Exercise 3: Processing and Visualizing Flow Data

Author

Oh Jia Wen

Published

November 30, 2023

Modified

December 1, 2023

1. Getting Started

1.1 Install and launching R packages

The code chunk below uses p_load() of pacman package to check if the packages below are installed into the R environment. If they are, then they will be launched into R.

pacman::p_load(tmap, sf, DT, stplanr,
               performance,
               ggpubr, tidyverse)

1.2 Importing the OD data

We will be using three data sets for this exercise. Data were retrieved for the following:

  1. Passenger Volume by Origin Destination Bus Stops data set for the month of October- Aspatial data
  2. Bus Stop. - Geospatial data that provides the location of bus stop
  3. MPSZ-2019 - Geospatial data that provides the sub-zone boundary of URA Master Plan 2019.

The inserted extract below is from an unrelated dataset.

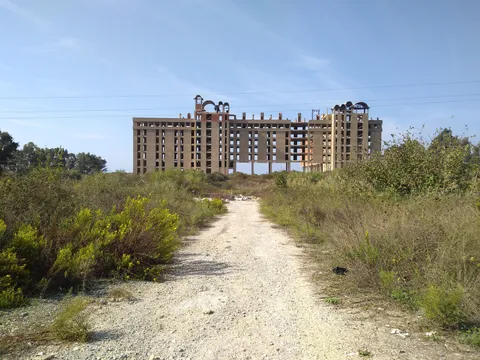 An abandoned hotel ruin along the seaside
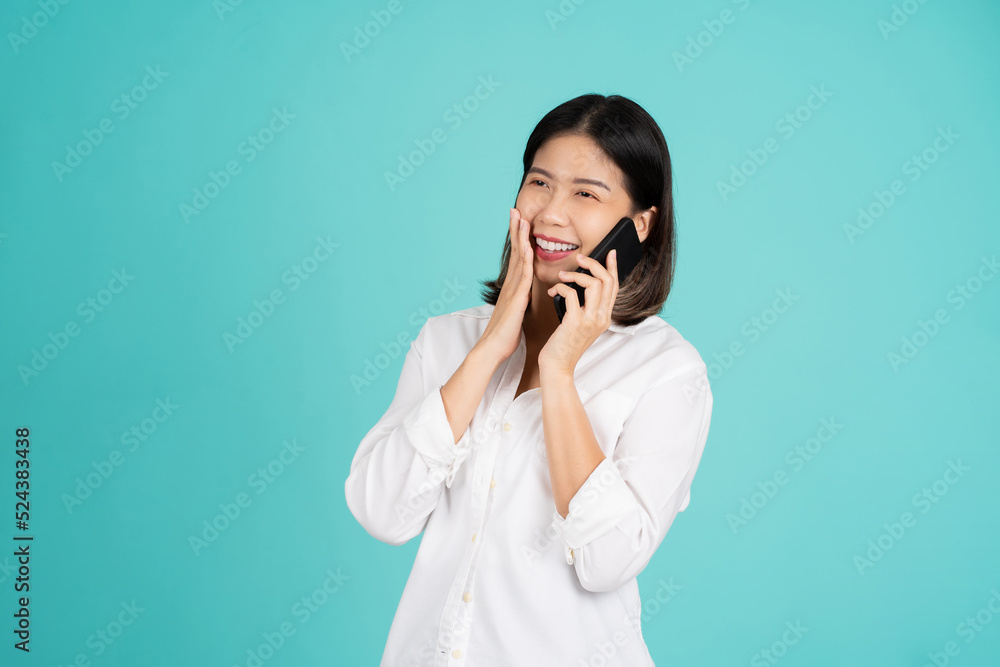 Surprised young Asia lady using mobile phone with smile broadly, dressed in casual clothing and looking at camera on bright green background. Surprised young Asia lady using mobile phone with smile broadly, dressed in casual clothing and looking at camera on bright green background.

In this exercise, we are interested to build an OD matrix with the above data sets.

1.2.1 Importing Aspatial Data

The code chunk below uses st_read() of sf package to import the 1st data set into R. The imported shapefile will be simple features object of sf.

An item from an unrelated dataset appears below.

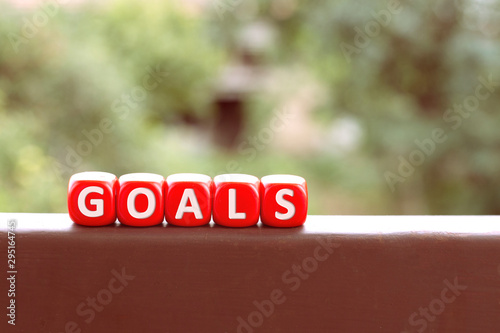 Setting goals concept. Red dices with letters. Taking risks, gambling, symbolism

odbus <- read_csv("data/aspatial/origin_destination_bus_202310.csv")
glimpse(odbus)
Rows: 5,694,297
Columns: 7
$ YEAR_MONTH          <chr> "2023-10", "2023-10", "2023-10", "2023-10", "2023-…
$ DAY_TYPE            <chr> "WEEKENDS/HOLIDAY", "WEEKDAY", "WEEKENDS/HOLIDAY",…
$ TIME_PER_HOUR       <dbl> 16, 16, 14, 14, 17, 17, 17, 7, 14, 14, 10, 20, 20,…
$ PT_TYPE             <chr> "BUS", "BUS", "BUS", "BUS", "BUS", "BUS", "BUS", "…
$ ORIGIN_PT_CODE      <chr> "04168", "04168", "80119", "80119", "44069", "2028…
$ DESTINATION_PT_CODE <chr> "10051", "10051", "90079", "90079", "17229", "2014…
$ TOTAL_TRIPS         <dbl> 3, 5, 3, 5, 4, 1, 24, 2, 1, 7, 3, 2, 5, 1, 1, 1, 1…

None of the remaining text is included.